Electoral College modifications might re-establish Trump’s presidency

Anjali Jain
Electoral College changes add two potential Republican votes and cost two from Democrat states. Getty Images

Preliminary polls indicate that the 2024 rematch between former President Donald Trump and President Joe Biden will likely be just as fiercely contested as the 2020 presidential election, which was among the most contentious and decided in American history. Nonetheless, there are two significant distinctions between 2020 and 2024 that may prove decisive in the contest.

The first is that Robert F. Kennedy Jr., a comparatively popular third-party candidate, is elected in 2024. Recent national surveys indicate that RFK Jr. may receive up to sixteen percent of the popular vote.
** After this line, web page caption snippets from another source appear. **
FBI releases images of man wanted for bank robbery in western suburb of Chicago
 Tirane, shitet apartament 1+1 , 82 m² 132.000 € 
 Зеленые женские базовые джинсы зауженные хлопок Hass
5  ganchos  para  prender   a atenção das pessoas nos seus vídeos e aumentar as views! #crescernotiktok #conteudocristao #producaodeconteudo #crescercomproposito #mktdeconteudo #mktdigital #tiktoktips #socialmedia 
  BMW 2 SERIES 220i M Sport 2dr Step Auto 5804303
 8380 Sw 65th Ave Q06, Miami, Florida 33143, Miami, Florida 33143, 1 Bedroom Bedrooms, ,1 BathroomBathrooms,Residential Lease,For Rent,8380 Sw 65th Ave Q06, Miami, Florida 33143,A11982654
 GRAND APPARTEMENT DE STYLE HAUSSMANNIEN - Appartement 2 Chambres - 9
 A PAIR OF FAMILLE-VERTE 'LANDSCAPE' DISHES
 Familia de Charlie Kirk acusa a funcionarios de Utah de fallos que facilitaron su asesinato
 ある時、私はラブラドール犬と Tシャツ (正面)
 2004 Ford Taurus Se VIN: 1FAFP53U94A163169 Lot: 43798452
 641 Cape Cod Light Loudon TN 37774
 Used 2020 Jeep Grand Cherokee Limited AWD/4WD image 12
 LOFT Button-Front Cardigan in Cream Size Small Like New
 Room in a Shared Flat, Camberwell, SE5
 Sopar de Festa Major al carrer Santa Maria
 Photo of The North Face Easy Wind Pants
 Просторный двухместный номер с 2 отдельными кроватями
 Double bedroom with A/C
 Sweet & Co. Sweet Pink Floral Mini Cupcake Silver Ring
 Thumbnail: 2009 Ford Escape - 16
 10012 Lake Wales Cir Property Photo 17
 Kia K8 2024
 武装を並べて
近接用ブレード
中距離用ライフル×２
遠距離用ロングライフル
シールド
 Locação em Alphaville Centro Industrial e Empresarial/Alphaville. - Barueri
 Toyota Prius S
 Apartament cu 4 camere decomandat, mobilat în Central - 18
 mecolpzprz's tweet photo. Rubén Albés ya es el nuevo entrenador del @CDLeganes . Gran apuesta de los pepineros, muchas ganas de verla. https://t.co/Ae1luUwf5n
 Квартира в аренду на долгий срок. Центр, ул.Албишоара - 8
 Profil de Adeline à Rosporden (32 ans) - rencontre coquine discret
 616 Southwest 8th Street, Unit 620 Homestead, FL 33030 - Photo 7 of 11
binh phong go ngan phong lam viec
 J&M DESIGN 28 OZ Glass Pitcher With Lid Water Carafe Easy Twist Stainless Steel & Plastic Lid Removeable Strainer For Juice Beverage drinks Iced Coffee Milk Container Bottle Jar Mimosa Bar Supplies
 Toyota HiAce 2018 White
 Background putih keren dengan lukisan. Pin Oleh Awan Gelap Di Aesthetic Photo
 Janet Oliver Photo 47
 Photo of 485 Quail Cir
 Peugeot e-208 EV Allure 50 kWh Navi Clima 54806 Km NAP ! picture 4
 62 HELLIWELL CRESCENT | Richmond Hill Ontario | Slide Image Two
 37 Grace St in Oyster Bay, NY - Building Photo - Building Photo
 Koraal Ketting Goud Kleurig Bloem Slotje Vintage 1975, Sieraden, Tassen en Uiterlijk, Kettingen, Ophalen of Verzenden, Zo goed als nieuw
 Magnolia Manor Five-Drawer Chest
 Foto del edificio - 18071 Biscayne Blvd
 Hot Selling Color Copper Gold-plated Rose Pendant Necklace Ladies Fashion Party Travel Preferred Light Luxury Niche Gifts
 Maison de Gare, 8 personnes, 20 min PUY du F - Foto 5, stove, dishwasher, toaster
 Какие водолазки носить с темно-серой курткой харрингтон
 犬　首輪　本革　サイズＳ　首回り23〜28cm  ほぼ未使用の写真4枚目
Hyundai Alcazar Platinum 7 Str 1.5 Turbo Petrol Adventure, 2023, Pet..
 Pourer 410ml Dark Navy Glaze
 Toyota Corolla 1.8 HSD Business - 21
By amassing 16% of the vote, RFK Jr. would surpass all other third-party candidates since Ross Perot in 1992 in terms of electoral success.

The second significant alteration in the 2024 contest has been comparatively overlooked. As required by the Constitution, the House of Representatives reapportioned congressional seats among the states in the wake of the 2020 Census. Reapportionments of the House of Representatives result in corresponding adjustments to the Electoral College.

Although the modifications to the 2024 Electoral College map may seem inconsequential at first inspection, they may prove to be crucial for Trump, who benefited substantially from them.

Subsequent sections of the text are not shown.